Free Women, Free Men: Sex, Gender, Feminism
Camille Paglia ’74PhD
Pantheon Books, $25

Since the publication of her best-selling academic art critique, Sexual Personae, in 1990, Paglia has been a persistent thorn in the sides of liberals and conservatives alike. These essays, culled from a quarter century of publications, cover topics as disparate as abortion, stiletto heels, date rape, football, Patti Smith, and Desperate Housewives. They offer readers a useful introduction to the controversial views of this equal-opportunity provocateuse, a self-proclaimed “libertarian feminist” who calls for “a wary alliance of strong women and strong men.”
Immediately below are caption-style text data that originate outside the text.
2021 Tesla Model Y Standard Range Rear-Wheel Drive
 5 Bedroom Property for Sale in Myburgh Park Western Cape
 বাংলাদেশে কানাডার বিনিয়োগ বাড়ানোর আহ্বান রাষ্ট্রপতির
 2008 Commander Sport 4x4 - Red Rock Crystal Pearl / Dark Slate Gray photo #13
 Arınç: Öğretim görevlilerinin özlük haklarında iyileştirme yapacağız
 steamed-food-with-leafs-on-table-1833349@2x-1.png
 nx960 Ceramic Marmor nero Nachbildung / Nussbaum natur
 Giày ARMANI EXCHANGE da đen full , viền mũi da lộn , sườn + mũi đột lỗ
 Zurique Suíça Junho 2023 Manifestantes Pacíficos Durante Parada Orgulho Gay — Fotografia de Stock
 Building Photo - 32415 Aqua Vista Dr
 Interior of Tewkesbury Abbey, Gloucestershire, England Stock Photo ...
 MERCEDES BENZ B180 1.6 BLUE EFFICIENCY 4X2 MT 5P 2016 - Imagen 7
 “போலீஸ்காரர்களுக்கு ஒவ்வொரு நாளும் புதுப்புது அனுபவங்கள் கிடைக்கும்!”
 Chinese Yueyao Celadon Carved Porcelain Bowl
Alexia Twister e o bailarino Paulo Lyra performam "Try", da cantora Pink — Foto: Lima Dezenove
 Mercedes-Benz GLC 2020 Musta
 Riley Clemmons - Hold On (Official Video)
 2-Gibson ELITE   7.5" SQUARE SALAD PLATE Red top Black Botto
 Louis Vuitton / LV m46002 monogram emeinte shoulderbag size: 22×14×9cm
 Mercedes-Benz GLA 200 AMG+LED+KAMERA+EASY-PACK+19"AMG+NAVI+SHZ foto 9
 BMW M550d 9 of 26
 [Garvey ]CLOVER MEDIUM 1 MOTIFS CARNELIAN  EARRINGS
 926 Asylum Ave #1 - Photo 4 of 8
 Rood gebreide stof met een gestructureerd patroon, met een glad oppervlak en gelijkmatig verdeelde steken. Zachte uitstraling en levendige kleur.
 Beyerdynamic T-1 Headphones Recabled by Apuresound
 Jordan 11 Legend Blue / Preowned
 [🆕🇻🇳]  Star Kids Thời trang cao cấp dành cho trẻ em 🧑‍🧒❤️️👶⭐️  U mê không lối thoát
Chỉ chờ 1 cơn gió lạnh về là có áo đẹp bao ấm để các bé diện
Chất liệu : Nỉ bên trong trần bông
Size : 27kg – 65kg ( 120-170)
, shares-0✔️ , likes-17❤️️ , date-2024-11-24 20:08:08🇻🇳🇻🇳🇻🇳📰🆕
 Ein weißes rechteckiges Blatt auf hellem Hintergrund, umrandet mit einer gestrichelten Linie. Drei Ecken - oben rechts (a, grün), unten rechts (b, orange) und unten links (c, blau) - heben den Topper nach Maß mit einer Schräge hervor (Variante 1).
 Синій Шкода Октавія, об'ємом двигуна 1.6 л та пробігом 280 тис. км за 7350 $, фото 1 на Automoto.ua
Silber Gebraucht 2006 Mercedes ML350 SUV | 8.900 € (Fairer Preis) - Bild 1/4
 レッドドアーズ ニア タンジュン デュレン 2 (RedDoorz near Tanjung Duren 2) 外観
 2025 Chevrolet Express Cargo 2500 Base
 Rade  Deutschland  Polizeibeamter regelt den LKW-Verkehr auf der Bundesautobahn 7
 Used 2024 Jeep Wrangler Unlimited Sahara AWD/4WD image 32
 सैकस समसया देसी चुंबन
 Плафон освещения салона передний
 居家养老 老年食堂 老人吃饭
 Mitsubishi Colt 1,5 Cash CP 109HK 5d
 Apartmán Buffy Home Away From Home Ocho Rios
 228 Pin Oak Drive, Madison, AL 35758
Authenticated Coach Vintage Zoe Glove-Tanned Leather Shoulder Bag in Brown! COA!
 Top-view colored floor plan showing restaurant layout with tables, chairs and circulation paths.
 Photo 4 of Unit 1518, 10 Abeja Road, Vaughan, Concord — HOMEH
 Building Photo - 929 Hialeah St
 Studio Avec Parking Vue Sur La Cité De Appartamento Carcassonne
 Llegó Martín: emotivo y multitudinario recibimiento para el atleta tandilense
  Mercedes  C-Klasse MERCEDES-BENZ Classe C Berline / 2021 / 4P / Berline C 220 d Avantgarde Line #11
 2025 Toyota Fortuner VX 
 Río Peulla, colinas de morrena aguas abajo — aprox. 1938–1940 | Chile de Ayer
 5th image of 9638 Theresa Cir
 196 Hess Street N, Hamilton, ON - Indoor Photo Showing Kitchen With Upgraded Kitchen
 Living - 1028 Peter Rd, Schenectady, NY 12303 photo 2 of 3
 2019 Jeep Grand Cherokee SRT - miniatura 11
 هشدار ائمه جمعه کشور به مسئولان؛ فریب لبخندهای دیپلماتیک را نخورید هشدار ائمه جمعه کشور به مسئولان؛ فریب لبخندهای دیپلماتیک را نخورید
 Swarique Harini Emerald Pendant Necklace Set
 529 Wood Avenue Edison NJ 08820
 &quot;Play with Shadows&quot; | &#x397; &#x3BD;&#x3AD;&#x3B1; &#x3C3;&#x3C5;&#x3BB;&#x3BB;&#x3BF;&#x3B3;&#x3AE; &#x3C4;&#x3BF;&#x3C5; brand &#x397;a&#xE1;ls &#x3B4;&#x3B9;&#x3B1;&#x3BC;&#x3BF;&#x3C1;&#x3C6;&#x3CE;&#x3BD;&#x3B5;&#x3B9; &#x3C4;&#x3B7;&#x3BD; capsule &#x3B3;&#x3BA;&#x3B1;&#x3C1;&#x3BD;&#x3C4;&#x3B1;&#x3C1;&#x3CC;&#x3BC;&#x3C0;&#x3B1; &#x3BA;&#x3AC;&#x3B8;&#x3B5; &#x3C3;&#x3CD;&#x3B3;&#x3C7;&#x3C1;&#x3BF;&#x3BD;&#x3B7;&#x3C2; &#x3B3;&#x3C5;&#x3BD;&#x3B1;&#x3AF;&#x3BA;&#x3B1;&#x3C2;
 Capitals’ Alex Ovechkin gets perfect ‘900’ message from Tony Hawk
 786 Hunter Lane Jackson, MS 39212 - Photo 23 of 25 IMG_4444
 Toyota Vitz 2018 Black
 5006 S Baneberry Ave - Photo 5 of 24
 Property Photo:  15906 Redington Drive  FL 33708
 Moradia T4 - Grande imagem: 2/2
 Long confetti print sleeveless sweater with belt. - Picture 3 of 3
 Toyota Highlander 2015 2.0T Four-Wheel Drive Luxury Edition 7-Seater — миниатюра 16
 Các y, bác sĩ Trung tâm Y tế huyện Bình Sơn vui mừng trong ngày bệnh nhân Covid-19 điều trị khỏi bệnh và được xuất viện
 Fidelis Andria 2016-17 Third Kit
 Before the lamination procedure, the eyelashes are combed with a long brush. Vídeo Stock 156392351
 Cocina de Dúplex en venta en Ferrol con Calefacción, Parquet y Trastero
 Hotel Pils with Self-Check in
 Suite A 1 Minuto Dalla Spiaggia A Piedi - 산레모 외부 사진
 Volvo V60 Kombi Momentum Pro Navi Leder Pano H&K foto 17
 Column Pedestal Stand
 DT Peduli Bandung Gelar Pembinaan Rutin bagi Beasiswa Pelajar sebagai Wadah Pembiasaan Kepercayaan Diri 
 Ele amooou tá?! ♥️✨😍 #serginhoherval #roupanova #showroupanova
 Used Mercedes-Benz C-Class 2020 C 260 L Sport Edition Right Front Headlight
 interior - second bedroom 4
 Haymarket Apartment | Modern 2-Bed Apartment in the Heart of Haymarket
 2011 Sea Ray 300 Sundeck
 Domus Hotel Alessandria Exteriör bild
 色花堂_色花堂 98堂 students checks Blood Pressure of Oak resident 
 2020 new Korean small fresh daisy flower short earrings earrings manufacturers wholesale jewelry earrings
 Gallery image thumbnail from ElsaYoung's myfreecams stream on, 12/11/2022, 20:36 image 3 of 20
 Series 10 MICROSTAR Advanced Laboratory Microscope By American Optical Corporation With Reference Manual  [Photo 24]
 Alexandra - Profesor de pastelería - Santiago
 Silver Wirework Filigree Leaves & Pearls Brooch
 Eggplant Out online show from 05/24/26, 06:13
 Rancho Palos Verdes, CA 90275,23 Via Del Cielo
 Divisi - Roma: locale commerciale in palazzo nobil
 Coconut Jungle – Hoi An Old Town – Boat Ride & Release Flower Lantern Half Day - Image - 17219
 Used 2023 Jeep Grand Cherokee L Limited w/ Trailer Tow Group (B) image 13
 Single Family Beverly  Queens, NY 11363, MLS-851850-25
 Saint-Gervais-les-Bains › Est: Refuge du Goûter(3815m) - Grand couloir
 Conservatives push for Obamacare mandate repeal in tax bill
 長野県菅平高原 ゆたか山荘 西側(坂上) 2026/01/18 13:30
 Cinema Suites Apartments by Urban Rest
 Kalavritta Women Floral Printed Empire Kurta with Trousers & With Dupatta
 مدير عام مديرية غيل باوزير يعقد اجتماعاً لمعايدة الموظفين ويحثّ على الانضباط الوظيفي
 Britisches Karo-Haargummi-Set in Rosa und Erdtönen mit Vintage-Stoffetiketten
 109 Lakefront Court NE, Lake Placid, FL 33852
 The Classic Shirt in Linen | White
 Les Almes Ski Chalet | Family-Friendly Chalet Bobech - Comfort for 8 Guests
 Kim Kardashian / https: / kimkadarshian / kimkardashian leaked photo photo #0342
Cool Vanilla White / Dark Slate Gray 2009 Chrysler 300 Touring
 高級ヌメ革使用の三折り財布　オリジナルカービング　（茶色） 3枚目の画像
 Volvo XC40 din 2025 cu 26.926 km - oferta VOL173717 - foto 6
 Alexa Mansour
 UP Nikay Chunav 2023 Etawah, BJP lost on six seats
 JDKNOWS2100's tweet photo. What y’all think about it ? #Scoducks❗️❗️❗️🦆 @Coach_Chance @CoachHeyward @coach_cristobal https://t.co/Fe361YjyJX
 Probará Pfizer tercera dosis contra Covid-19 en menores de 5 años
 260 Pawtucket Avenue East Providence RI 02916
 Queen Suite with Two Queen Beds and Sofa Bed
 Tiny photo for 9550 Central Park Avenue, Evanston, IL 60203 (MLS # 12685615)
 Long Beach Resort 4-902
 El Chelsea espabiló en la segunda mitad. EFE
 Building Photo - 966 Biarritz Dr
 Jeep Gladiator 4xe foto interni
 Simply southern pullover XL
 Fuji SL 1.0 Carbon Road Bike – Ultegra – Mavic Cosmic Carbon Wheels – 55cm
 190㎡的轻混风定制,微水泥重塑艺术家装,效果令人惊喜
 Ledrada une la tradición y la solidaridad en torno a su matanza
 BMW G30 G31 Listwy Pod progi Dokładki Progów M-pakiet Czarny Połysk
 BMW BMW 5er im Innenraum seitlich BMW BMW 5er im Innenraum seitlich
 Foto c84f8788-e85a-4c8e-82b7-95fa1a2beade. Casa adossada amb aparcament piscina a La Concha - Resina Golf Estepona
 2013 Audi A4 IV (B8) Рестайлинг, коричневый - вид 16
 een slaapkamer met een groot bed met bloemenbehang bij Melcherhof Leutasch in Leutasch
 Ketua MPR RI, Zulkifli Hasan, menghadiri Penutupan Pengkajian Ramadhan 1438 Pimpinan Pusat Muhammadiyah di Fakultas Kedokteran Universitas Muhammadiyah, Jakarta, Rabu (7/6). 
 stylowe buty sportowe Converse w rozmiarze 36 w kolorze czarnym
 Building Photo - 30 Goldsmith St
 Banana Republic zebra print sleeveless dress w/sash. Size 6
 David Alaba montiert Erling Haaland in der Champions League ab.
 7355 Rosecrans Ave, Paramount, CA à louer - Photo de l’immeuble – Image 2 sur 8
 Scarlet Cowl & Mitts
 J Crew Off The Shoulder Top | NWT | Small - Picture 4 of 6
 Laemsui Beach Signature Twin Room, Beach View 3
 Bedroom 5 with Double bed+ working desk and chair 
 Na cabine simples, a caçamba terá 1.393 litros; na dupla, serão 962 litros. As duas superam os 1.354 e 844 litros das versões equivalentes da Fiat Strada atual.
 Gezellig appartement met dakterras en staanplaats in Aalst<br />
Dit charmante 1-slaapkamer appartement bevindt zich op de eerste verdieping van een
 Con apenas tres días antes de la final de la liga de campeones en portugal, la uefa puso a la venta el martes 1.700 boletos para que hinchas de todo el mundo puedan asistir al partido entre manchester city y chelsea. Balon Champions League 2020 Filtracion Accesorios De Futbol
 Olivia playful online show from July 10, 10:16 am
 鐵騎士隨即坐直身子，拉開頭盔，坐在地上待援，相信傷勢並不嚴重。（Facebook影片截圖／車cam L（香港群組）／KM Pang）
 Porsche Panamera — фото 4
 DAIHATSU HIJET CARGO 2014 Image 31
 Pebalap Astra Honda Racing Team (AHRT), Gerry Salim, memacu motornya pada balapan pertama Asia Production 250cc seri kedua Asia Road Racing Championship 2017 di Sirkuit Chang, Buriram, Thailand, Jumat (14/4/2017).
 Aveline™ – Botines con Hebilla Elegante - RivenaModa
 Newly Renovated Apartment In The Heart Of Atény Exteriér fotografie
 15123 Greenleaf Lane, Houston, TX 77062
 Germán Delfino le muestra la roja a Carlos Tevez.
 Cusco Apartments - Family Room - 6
Thunder in the Mountains: Chief Joseph, Oliver Otis Howard, and the Nez Perce War
Daniel Sharfstein ’00JD
W. W. Norton, $29.95

In the 1870s, Union general Oliver Otis Howard left his job as director of the Freedmen’s Bureau, a federal agency supporting and protecting millions of newly emancipated slaves, to rejoin the Army and head west to do the opposite: force Native Americans to give up their lands for a kind of servitude on reservations. Vanderbilt historian Sharfstein offers a gripping account of General Howard’s savage battles with Nez Perce chief Joseph and his followers—a brutal conflict and aftermath that continue to “embody some of the defining struggles of the American experience.”